I then tried to remove 1 VM , OK
Removed the 2nd one, OK
But when I tried to toggle the green switch I got this error

plugin.configure
{
  "id": "perf-alert",
  "configuration": {
    "baseUrl": "Removed",
    "hostMonitors": [
      {
        "smartMode": true,
        "alarmTriggerLevel": 60,
        "alarmTriggerPeriod": 60
      },
      {
        "smartMode": true,
        "variableName": "memoryUsage",
        "alarmTriggerLevel": 90
      }
    ],
    "toEmails": [
      "Removed"
    ],
    "vmMonitors": [
      {
        "smartMode": true,
        "alarmTriggerLevel": 60,
        "alarmTriggerPeriod": 60,
        "excludeUuids": false,
        "uuids": []
      }
    ],
    "srMonitors": [
      {
        "smartMode": false,
        "uuids": [],
        "excludeUuids": false
      }
    ]
  }
}
{
  "code": 10,
  "data": {
    "errors": [
      {
        "instancePath": "/vmMonitors/0/smartMode",
        "schemaPath": "#/properties/vmMonitors/items/oneOf/0/properties/smartMode/anyOf/0/not",
        "keyword": "not",
        "params": {},
        "message": "must NOT be valid"
      },
      {
        "instancePath": "/vmMonitors/0/smartMode",
        "schemaPath": "#/properties/vmMonitors/items/oneOf/0/properties/smartMode/anyOf/1/const",
        "keyword": "const",
        "params": {
          "allowedValue": false
        },
        "message": "must be equal to constant"
      },
      {
        "instancePath": "/vmMonitors/0/smartMode",
        "schemaPath": "#/properties/vmMonitors/items/oneOf/0/properties/smartMode/anyOf",
        "keyword": "anyOf",
        "params": {},
        "message": "must match a schema in anyOf"
      },
      {
        "instancePath": "/vmMonitors/0/uuids",
        "schemaPath": "#/properties/vmMonitors/items/oneOf/1/properties/uuids/not",
        "keyword": "not",
        "params": {},
        "message": "must NOT be valid"
      },
      {
        "instancePath": "/vmMonitors/0/excludeUuids",
        "schemaPath": "#/properties/vmMonitors/items/oneOf/2/properties/excludeUuids/const",
        "keyword": "const",
        "params": {
          "allowedValue": true
        },
        "message": "must be equal to constant"
      },
      {
        "instancePath": "/vmMonitors/0",
        "schemaPath": "#/properties/vmMonitors/items/oneOf",
        "keyword": "oneOf",
        "params": {
          "passingSchemas": null
        },
        "message": "must match exactly one schema in oneOf"
      }
    ]
  },
  "message": "invalid parameters",
  "name": "XoError",
  "stack": "XoError: invalid parameters
    at invalidParameters (/opt/xo/xo-builds/xen-orchestra-202503081124/packages/xo-common/api-errors.js:26:11)
    at default._configurePlugin (file:///opt/xo/xo-builds/xen-orchestra-202503081124/packages/xo-server/src/xo-mixins/plugins.mjs:175:13)
    at default.configurePlugin (file:///opt/xo/xo-builds/xen-orchestra-202503081124/packages/xo-server/src/xo-mixins/plugins.mjs:199:16)
    at Xo.configure (file:///opt/xo/xo-builds/xen-orchestra-202503081124/packages/xo-server/src/api/plugin.mjs:12:3)
    at Task.runInside (/opt/xo/xo-builds/xen-orchestra-202503081124/@vates/task/index.js:175:22)
    at Task.run (/opt/xo/xo-builds/xen-orchestra-202503081124/@vates/task/index.js:159:20)
    at Api.#callApiMethod (file:///opt/xo/xo-builds/xen-orchestra-202503081124/packages/xo-server/src/xo-mixins/api.mjs:469:18)"
}

Bastien Nollet

@ph7

Some of the errors you encountered are intended.
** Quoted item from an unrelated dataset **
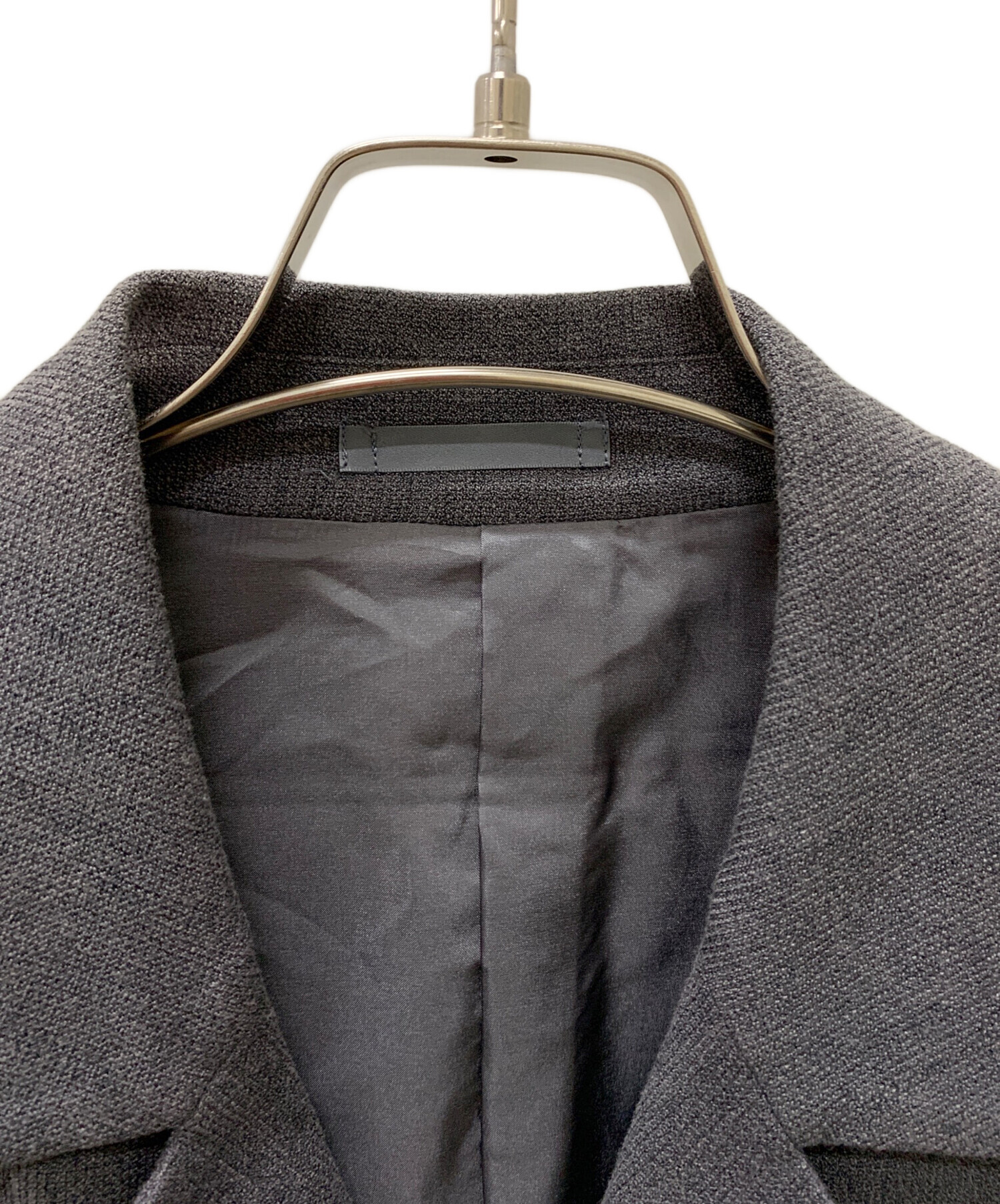 中古・古着通販】BURBERRY LONDON (バーバリーロンドン) シャツ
We don't allow values in the "Virtual Machines" field if "Exclude VMs" is disabled and "All running VMs" is enabled, because it would make the plugin configuration confusing.

However you're right, there seems to be an issue when the VMs are selected and then removed. The value becomes an empty list instead of being undefined, which causes the validation to fail when we try to turn off the "Exclude VMs" option.

I'm going to create a task on our side so that we can plan to resolve this problem.

In the meantime you can work around the problem by deleting the monitor and recreating a new one with the same parameters.